Golf club in Renfrew, Scotland

Renfrew Golf Club is based in Renfrew, Scotland. It is situated in the Blythswood Estate, near to the River Cart and the River Clyde.

==History==
The club was established on 28 September 1894. A group of wealthy businessmen from Renfrew and Govan held a meeting and subsequently leased land from Speirs of Elderslie Estates. The course was opened on 22 October 1894 by Andrew Brown, Provost of Renfrew. It was originally a nine-hole course at Haining Road and was extended by James Braid in 1920 to eighteen holes and a par of 73. This made the course the longest in the West of Scotland at that time. A club house was opened on 20 May 1925.
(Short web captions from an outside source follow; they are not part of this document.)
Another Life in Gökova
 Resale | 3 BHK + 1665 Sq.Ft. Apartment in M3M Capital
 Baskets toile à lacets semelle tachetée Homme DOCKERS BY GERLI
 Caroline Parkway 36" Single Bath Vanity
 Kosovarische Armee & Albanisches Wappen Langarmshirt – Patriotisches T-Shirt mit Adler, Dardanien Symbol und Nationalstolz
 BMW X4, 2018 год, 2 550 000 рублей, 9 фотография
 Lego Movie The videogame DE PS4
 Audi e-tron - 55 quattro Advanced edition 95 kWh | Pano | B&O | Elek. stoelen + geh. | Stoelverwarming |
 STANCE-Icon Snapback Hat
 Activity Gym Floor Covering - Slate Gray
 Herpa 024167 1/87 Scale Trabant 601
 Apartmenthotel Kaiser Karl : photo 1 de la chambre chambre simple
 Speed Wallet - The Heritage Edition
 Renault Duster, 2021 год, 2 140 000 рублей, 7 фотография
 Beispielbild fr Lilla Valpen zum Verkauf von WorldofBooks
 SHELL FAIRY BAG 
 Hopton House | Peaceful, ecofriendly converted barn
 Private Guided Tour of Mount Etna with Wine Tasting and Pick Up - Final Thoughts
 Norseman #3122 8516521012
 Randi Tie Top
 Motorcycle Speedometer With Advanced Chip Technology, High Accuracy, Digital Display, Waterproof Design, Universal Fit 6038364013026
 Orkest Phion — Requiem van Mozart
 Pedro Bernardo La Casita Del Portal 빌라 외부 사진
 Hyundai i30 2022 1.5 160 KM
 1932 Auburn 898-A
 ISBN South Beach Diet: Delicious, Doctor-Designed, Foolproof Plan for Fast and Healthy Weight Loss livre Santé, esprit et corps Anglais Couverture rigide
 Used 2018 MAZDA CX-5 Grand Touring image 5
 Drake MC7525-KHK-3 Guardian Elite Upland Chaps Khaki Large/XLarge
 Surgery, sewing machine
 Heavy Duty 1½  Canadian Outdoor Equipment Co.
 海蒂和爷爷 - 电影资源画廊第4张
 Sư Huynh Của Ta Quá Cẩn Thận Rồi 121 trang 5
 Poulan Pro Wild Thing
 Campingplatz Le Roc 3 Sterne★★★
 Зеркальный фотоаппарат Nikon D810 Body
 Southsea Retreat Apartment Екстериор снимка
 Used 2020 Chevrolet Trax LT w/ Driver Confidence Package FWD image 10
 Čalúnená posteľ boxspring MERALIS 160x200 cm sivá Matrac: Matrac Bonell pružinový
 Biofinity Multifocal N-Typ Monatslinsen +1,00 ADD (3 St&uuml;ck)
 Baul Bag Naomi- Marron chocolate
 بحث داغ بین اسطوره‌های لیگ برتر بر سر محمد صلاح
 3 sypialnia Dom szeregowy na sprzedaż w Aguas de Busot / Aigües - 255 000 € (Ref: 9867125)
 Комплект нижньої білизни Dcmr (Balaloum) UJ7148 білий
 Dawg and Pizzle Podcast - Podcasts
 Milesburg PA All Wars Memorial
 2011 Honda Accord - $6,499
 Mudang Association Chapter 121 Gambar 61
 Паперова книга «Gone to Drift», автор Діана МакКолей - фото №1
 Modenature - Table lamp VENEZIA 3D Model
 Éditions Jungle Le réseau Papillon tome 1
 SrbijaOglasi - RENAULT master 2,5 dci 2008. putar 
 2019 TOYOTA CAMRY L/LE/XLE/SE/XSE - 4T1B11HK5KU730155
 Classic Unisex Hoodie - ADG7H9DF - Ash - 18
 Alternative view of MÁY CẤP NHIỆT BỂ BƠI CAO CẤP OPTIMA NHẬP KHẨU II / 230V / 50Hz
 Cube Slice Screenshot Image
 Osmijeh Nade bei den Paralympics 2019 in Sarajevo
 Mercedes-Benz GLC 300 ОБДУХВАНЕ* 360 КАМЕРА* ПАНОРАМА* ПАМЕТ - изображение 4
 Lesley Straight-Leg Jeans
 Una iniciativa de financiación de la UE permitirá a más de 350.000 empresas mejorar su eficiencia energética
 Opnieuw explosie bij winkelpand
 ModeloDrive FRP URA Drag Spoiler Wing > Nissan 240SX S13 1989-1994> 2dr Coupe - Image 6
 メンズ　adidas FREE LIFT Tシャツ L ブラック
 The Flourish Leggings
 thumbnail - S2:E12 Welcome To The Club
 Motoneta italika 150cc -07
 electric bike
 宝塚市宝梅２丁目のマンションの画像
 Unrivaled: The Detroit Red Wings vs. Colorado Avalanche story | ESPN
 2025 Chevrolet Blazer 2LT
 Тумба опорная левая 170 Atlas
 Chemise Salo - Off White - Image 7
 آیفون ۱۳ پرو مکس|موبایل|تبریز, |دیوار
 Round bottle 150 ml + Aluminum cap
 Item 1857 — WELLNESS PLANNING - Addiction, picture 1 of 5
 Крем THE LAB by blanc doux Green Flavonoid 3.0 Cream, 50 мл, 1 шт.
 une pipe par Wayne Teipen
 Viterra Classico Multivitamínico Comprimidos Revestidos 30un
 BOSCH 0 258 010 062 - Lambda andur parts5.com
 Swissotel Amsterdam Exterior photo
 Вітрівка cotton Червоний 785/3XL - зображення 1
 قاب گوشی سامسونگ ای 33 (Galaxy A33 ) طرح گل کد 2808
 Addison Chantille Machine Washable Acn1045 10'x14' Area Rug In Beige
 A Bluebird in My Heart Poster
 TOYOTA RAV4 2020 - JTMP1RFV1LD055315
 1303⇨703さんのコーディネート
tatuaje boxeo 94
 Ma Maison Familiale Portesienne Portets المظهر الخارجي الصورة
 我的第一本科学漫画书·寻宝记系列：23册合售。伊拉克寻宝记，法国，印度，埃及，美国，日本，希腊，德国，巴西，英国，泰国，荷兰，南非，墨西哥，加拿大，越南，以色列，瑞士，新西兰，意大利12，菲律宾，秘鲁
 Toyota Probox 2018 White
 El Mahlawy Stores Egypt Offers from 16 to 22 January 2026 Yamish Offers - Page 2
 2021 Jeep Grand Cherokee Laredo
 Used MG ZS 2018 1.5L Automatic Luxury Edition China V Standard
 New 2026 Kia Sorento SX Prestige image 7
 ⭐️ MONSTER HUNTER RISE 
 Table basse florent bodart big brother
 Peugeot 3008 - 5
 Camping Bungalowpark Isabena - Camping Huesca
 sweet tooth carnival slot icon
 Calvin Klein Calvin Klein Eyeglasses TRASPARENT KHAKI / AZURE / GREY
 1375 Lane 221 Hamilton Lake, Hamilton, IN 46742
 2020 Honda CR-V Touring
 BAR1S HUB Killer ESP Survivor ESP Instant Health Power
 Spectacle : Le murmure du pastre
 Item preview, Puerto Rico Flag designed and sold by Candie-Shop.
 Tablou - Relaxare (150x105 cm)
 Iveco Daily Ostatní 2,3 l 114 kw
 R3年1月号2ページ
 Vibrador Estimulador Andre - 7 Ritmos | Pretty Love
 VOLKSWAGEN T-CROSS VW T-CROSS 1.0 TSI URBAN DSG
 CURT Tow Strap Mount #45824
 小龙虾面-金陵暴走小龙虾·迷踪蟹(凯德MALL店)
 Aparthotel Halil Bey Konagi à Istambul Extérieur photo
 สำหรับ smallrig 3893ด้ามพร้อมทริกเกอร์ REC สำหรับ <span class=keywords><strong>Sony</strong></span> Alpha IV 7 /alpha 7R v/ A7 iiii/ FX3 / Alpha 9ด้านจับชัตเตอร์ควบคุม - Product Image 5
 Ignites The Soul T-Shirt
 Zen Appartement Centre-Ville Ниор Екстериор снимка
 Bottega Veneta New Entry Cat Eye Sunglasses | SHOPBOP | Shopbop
A demand for housing in the area led to the club giving up the lease on the land at Haining Road. It was acquired by Ravenstone Securities Ltd, headed by chairman Reo Stakis. As part of the deal Ravenstone would provide 105 acres of land at Blythswood Estate for a new course to be built. On 29 September 1973 the new course at Blythswood was opened by James T Douglas, President of the Scottish Golf Union.

The course has played host to several tournaments including the Scottish Amateur Championship in 1984 and 1994. The European Boys Team Championship 1988 and the Sunderland of Scotland Masters 1991 were held at Renfrew. In 2000 and 2004 the course was used for the Scottish Regional Qualifiers for The Open Championship.